High Dive's last day brought many music lovers together. (Courtesy High Dive)
High Dive's last day brought many music lovers together. (Courtesy High Dive)

On Sunday night, the iconic Gainesville music venue, High Dive, hosted its bittersweet, last showcase called “All Hail High Dive" before permanently shutting its doors.

Starting at 2pm, music lovers shared laughter, tears and cheers while listening to eight musical acts celebrating High Dive’s legacy. Performing were Apex, Bli and the Miles, Buboy, The Hails, Madwoman, Rohna, Sooza and Quail Hollow.

On April 26th, High Dive founder and owner, Pat Lavery announced the venue’s planned closure in a Facebook post. Since 2011, High Dive has hosted many coming of age and already-established musical and comedic acts, previously named Common Grounds and the Covered Dish. Pop culture website, Consequence, named High Dive one of the 100 Best American Music Venues.

The Hails, who headlined the event, said the five-piece Indie band formed at the University of Florida and performed their first show at High Dive in 2015. The Hails guitarist Dylan McCue said the music venue is the heart and soul to the Gainesville music community.

“On a local level and on an international level, it's like it's the type of venue that's like, sort of perfectly in this middle ground,” McCue said. “We had our first real shows here when we were nobody and it’s had Green Day shows, it's had Modest Mouse shows, you have all these legends that have played here,” McCue said.

High Dive's list of last events displayed outside the venue. (Courtesy High Dive)
High Dive's list of last events displayed outside the venue. (Courtesy High Dive)

McCue said it’s hard for him to imagine Gainesville without High Dive.

“The Gainesville music scene is not going to die after this but it’ll certainly take a big hit,” McCue said.

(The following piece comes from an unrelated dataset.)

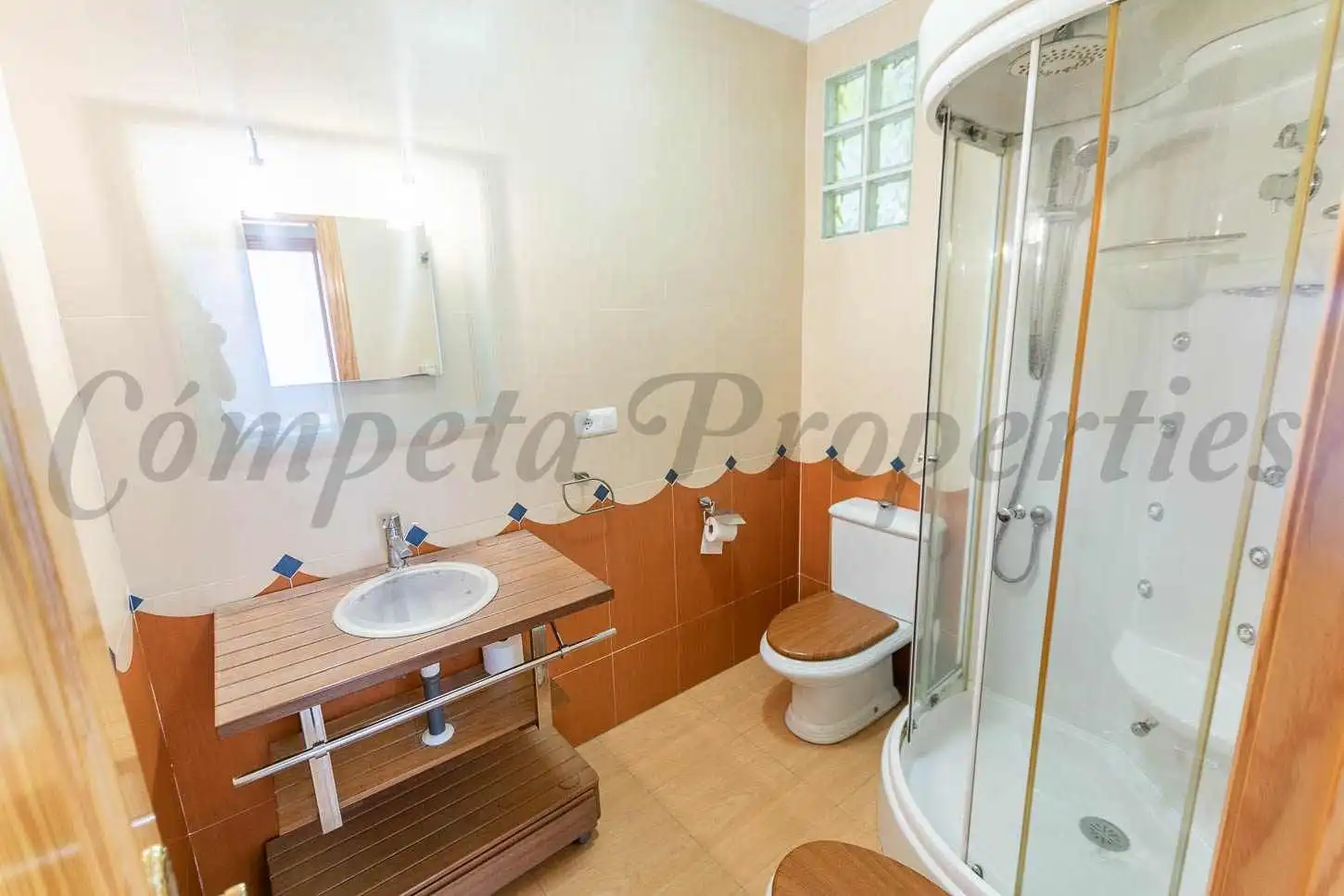 Apartament amb terrassa en venda a Sayalonga, imagen 12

The Hails’ guitarist, keyboardist and vocalist, Franco Solari, said his favorite memory of playing the venue was after he graduated from the University of Florida in 2019. Solari said their former photographer took his picture while he was jamming on a guitar solo, only to later be used to announce the venue’s closure.

Immortalizing the memory of High Dive, the Hails are collaborating with the music venue to create a documentary. Lead singer Robbie Kingsley said the documentary, which has no release date yet, will focus on the Hails’ last performance at High Dive and how a music venue helps indie bands to a successful music career.

Lavery, High Dive owner, said the hardest part in closing a music venue is vacating the site for the unknown.

High Dive displayed a chalk-written sign welcoming guests. (Courtesy High Dive)
High Dive displayed a chalk-written sign welcoming guests. (Courtesy High Dive)

“When you live in this city and you see what's happening, you know this is coming and anything local and special is just unprotected and it's gonna go away,” Laverly said. “It's just the trend of this town right now. Maybe it’s not a Gainesville trend, maybe it's an everywhere trend.”

Long-time High Dive bartender Morgan La Rue has worked at the music venue for six and half years and calls it her second home.

“It was just like the perfect job and I love everybody I work with,” La Rue said. “We had different bands all the time but we do have some regulars and I've gotten really close to them and I don't know what I'm gonna do without this place.”

La Rue said one of her favorite memories occurred when the venue hosted her private 40th birthday celebration.

“I had just moved here and I didn't know anybody and I was really depressed,” La Rue said. “My co-workers stayed after we closed and we just had the best time and they made me feel like part of the family.”

Lavery said the landlord has been looking to sell the venue for years now, meaning a High Dive relocation plan is possible but currently unlikely.

“Does it have the location? How much is that going to cost to create that space? And how much time is it going to take to create that space? Those are the really hard questions to invest all that time and money,” Lavery said.